- _RECORDS FOR THE TASK_
+++
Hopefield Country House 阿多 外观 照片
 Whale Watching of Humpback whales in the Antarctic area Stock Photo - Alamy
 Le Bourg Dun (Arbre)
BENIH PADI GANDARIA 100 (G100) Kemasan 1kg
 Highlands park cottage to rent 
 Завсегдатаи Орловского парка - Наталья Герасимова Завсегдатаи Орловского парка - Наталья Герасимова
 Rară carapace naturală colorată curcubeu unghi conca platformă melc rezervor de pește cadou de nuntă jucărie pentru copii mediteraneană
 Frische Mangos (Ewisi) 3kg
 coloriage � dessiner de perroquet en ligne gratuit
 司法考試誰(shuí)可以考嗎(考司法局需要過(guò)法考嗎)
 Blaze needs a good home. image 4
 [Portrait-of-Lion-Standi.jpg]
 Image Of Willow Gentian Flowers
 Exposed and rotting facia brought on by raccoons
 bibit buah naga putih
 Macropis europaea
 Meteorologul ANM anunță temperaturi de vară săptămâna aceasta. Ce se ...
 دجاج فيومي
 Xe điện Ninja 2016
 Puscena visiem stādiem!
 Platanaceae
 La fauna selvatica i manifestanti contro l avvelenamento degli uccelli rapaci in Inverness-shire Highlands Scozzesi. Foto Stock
+++
- _PROBLEM TO SOLVE_
Write out, from the lines above, only those from the line with "BENIH PADI GANDARIA 100 (G100) Kemasan 1kg" to the line with "coloriage � dessiner", exactly as given, including the first and the last.

- _RESULT FOR THIS TASK_
BENIH PADI GANDARIA 100 (G100) Kemasan 1kg
 Highlands park cottage to rent 
 Завсегдатаи Орловского парка - Наталья Герасимова Завсегдатаи Орловского парка - Наталья Герасимова
 Rară carapace naturală colorată curcubeu unghi conca platformă melc rezervor de pește cadou de nuntă jucărie pentru copii mediteraneană
 Frische Mangos (Ewisi) 3kg
 coloriage � dessiner de perroquet en ligne gratuit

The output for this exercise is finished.